Endogenous neuropeptide; investigational sleep-modulating peptide

DSIP

Also known as Delta sleep-inducing peptide, Emideltide, DSIP nonapeptide

DSIP/emideltide is not FDA-approved and is not currently on the FDA 503A or 503B bulks lists. FDA removed Emideltide (DSIP) from 503A Category 2 on April 22, 2026 because nominations were withdrawn; PCAC review scheduled for July 24, 2026.

Not currently legal in the US
Editorially verified

What it is

Delta sleep-inducing peptide is a nonapeptide first described in the 1970s in sleep research. The name reflects early experiments suggesting that a peptide isolated from cerebral venous blood during sleep could affect delta-wave sleep in mammals. MeSH describes DSIP as a nonapeptide found in neurons, peripheral organs, and plasma and notes reported effects beyond sleep, including electrophysiologic activity, neurotransmitter levels, circadian and locomotor patterns, hormonal levels, psychological performance, and interactions with neuropharmacologic drug withdrawal[9 ].

Chemical structure

DSIP is a nine-amino-acid peptide with the sequence Trp-Ala-Gly-Gly-Asp-Ala-Ser-Gly-Glu and molecular formula C35H48N10O15[1 ]. PubChem and MeSH identify it as emideltide or delta sleep-inducing peptide, a nonapeptide associated historically with delta sleep and other neuroendocrine effects[1 ,9 ].

Mechanism unsettled

The name can overstate what is known. “Delta sleep-inducing” suggests a reliable sleep drug, but the human clinical evidence is old, small, and inconsistent[1011 ]. Modern sleep-medicine guidelines and FDA-approved insomnia treatments do not include DSIP as an approved therapy.

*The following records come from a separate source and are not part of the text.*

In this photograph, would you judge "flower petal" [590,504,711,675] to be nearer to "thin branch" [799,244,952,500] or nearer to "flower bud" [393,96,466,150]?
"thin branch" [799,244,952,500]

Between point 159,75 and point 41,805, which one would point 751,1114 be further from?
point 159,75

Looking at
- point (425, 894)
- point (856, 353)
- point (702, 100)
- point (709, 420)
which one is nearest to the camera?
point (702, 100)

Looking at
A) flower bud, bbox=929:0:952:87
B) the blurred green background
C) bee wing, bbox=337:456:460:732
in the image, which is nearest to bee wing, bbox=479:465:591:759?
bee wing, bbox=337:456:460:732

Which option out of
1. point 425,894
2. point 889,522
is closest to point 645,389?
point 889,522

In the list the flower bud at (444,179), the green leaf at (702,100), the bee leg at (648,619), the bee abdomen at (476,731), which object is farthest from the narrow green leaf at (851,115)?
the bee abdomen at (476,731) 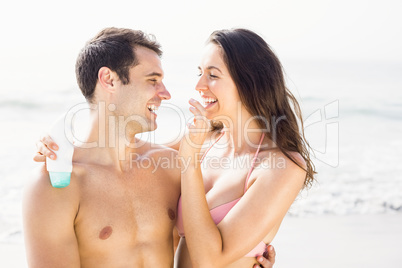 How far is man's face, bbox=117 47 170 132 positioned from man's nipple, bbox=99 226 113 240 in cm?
63

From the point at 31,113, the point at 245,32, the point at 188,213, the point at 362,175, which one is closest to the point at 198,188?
the point at 188,213

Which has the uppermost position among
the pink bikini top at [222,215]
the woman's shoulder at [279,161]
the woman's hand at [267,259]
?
the woman's shoulder at [279,161]

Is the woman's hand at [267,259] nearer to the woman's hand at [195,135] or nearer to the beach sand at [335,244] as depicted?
the woman's hand at [195,135]

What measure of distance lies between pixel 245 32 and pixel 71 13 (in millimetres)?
16296

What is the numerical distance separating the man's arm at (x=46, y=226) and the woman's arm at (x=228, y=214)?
2.22 ft

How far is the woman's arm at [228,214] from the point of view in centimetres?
286

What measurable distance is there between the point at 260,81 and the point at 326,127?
10943mm

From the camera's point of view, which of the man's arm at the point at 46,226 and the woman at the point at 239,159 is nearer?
the man's arm at the point at 46,226

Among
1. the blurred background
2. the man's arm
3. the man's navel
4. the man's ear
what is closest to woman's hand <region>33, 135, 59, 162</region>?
the man's arm

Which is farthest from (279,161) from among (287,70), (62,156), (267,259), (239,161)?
(287,70)

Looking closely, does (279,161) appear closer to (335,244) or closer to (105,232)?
(105,232)

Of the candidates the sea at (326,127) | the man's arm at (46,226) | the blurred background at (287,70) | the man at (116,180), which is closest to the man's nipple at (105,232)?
the man at (116,180)

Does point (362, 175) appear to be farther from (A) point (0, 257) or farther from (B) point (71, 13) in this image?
(B) point (71, 13)

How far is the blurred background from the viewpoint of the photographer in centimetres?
1052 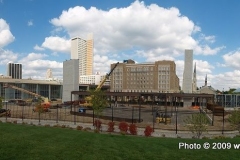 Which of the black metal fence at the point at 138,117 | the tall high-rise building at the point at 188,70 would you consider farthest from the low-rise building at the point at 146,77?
the black metal fence at the point at 138,117

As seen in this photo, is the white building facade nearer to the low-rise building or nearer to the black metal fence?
the black metal fence

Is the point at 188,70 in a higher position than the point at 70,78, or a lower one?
higher

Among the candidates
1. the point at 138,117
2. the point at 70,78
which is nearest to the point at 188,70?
the point at 138,117

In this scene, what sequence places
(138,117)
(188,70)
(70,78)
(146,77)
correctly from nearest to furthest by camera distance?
(138,117), (188,70), (70,78), (146,77)

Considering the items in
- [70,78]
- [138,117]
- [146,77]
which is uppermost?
[146,77]

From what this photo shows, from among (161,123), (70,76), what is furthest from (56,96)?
(161,123)

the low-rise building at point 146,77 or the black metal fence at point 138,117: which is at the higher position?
the low-rise building at point 146,77

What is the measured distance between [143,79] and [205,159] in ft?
469

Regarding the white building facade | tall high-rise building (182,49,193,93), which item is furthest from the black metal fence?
tall high-rise building (182,49,193,93)

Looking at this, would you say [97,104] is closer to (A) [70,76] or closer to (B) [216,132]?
(B) [216,132]

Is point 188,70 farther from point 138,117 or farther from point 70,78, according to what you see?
point 70,78

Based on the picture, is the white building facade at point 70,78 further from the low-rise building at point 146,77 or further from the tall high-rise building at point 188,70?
the low-rise building at point 146,77

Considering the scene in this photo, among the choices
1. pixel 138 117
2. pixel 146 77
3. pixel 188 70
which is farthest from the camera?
pixel 146 77

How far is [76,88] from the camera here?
96.2m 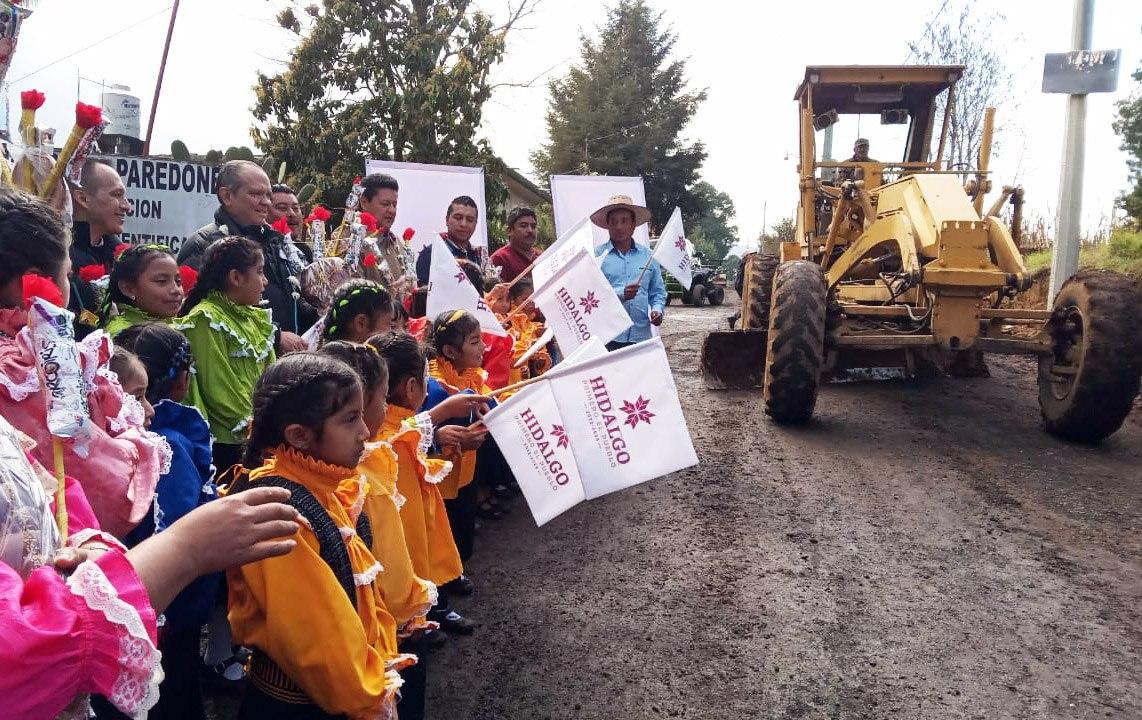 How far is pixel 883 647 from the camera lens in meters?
3.26

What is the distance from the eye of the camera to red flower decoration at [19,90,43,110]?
288 cm

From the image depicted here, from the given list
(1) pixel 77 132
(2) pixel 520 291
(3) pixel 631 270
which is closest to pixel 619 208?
(3) pixel 631 270

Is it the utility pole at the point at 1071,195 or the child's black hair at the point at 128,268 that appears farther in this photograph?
the utility pole at the point at 1071,195

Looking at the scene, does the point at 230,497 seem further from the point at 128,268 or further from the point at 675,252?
the point at 675,252

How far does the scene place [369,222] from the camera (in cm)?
481

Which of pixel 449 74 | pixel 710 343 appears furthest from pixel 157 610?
pixel 449 74

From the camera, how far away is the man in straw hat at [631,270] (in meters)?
6.02

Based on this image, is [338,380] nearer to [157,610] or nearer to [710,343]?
[157,610]

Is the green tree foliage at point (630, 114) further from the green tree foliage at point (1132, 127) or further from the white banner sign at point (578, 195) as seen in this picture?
the white banner sign at point (578, 195)

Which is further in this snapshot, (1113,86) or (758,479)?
(1113,86)

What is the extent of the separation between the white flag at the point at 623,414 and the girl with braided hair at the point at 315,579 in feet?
3.11

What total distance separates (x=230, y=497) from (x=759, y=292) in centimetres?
842

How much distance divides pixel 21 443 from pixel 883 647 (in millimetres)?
3011

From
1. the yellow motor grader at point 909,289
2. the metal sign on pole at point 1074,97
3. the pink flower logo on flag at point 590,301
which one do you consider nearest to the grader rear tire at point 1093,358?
the yellow motor grader at point 909,289
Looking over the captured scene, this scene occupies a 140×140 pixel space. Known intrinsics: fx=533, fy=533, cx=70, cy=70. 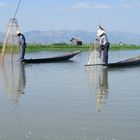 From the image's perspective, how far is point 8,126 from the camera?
9.05 m

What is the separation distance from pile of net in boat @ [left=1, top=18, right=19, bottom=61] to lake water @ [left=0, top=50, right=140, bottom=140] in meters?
11.2

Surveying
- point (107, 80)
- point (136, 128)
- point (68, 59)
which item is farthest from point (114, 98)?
point (68, 59)

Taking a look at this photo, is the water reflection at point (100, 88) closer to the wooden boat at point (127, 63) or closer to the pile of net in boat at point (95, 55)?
the wooden boat at point (127, 63)

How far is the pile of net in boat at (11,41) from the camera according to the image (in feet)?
95.0

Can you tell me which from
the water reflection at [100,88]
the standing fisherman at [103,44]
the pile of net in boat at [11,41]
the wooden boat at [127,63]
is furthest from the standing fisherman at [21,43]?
the water reflection at [100,88]

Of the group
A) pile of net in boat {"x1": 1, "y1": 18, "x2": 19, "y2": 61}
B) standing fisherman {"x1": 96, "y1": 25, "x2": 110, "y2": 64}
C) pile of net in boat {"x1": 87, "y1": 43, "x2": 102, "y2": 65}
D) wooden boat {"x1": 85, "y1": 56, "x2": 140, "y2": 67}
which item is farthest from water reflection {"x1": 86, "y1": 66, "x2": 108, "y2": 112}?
pile of net in boat {"x1": 1, "y1": 18, "x2": 19, "y2": 61}

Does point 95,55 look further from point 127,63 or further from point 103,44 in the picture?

DSIP’s mechanism is not settled. The peptide has been discussed in relation to sleep architecture, stress hormones, opioid systems, and other neuroendocrine effects, but no FDA-approved label or validated clinical mechanism exists. Because the peptide is rapidly degraded and has no approved formulation, public claims about injected, intranasal, or sublingual DSIP should not be treated as established.

When marketed online, DSIP is usually sold as a research peptide for sleep quality, deep sleep, stress resilience, withdrawal support, or recovery. No FDA-approved DSIP product exists, and there is no approved dose, route, indication, contraindication profile, drug-interaction framework, or long-term safety label[27 ].

Regulatory status

DSIP, also called emideltide, is not FDA-approved for any indication in the United States. No FDA-approved DSIP drug product was identified in FDA materials reviewed for this draft[27 ].

April 2026 503A removal — procedural, not authorization

Under section 503A, state-licensed pharmacies and physicians may compound using a bulk drug substance only if the substance complies with an applicable USP/NF monograph, is a component of an FDA-approved drug product if no monograph exists, or appears on FDA’s 503A bulks list[3 ]. FDA’s April 22, 2026 503A update states that “Emideltide (DSIP)” was removed from Category 2 because nominations were withdrawn and that FDA intends to consult PCAC on July 24, 2026 regarding possible inclusion of emideltide acetate and emideltide free base on the 503A bulks list[2 ,4 ].

Removal from Category 2 is not FDA approval and does not itself authorize routine compounding. DSIP is not listed in Category 1 in the April 22, 2026 document and was not identified on the 503A bulks list reviewed for this draft[23 ].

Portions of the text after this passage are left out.